-
Notifications
You must be signed in to change notification settings - Fork 213
Dockerization, Updated Pipeline Workflow and DORA Metrics
This document outlines the process of Dockerizing our existing applications, setting up environment-specific configurations, and refactoring our Continuous Integration/Continuous Deployment (CI/CD) pipeline to meet our new deployment needs.
We created a Dockerfile to build our application into an image and environment-specific docker compose files to deploy the container in various environments. The docker compose files build a container for our code's backend and database. The containers are then mapped to the nginx server we have running in our server
Our old pipeline involved two workflows to build and test our application on pull requests made to the repo and then deploy the application to our server once the PR is merged and the build and test workflow is successful. We had environment-specific workflows for the dev, staging, and main branch (which is our production branch)

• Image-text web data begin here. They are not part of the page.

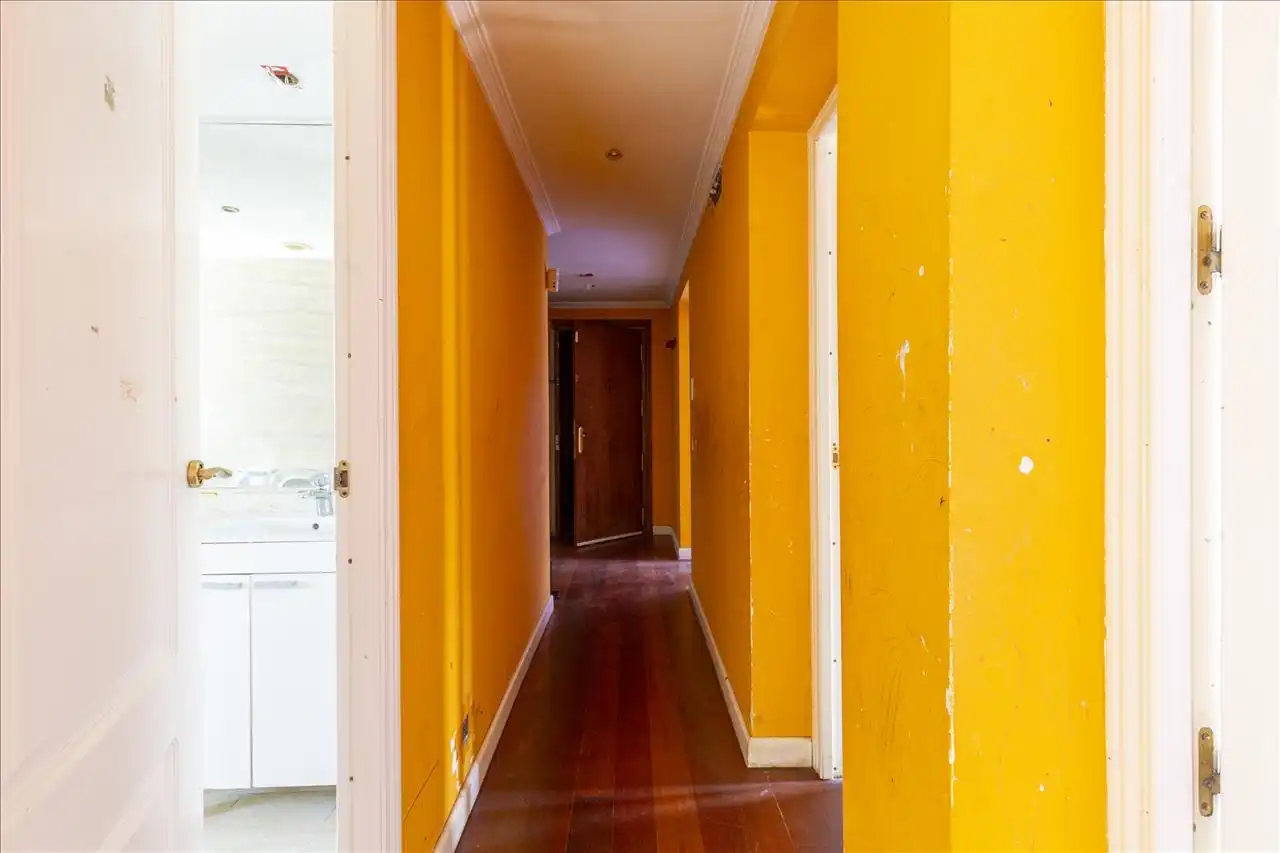 Piso en venta en Ramon Calabuig, imagen 19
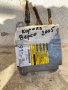 Модул за AIRBAG за Тойота корола версо.89170-0F032.213819-107, снимка 1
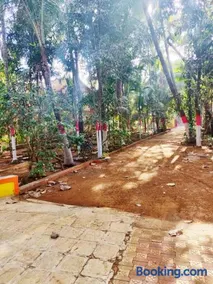 Deepdaya Cottage - Image 5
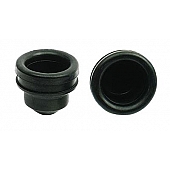 Moroso Performance PCV Valve Grommet - 97341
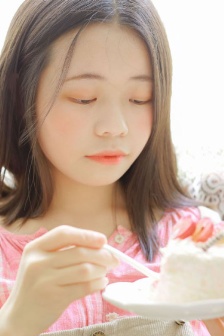 337P亚洲裸体人体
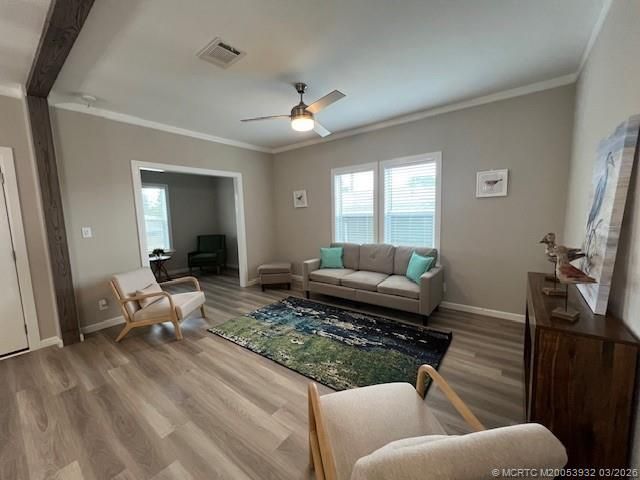 644 Sun Ray Court, Boynton Beach, FL 33436 Photo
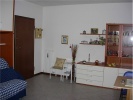 Appartamento a Cesena a 490€ al mese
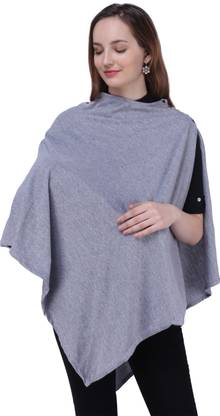 Warhammer Breastfeeding Cover for Mother and Nursing Cover for Breastfeeding Mother Feeding Cloak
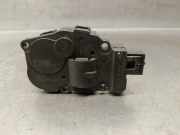 Luftklappe Stellmotor K9749006 BMW 5 serie Gran Turismo (F07) Schrägheck 530d xDrive 24V (N57-D30A)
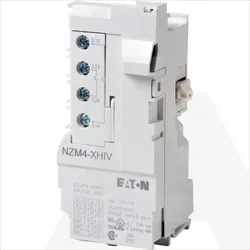 NZM4-XHIV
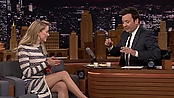jimmyfallon_20181207_08908.jpg
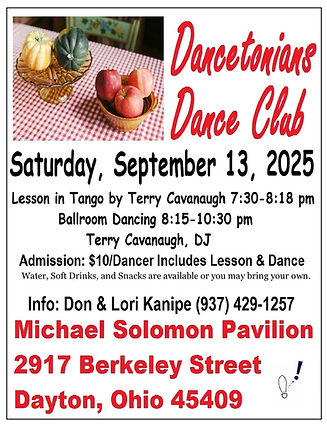 Dancetonians Flyer 2025-09-13.jpg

Our new pipeline workflow involves three workflows. The first is to test the application to ensure it meets standards, then a pr-deploy workflow is ran to deploy our application as a docker container in an isolated environment. Once these workflows pass and the PR is merged, the last worklow runs which builds our application image on the pipeline and uses docker save
and gzip
to compress the image. The image is then securely copied into our server and docker load
is used to load the image and docker-compose up
starts the container
The DevOps Research and Assessment Metrics (DORA) are used to measure DevOps performance. These metrics help to improve DevOps efficiency and communicate performance to business stakeholders. These four key metrics, which are divided into two core areas od DevOps are being monitored for our project: They are:
-
Deployment frequency and Lead time for changes (which measure team velocity)
-
Change failure rate and Time to restore service (which measure stability)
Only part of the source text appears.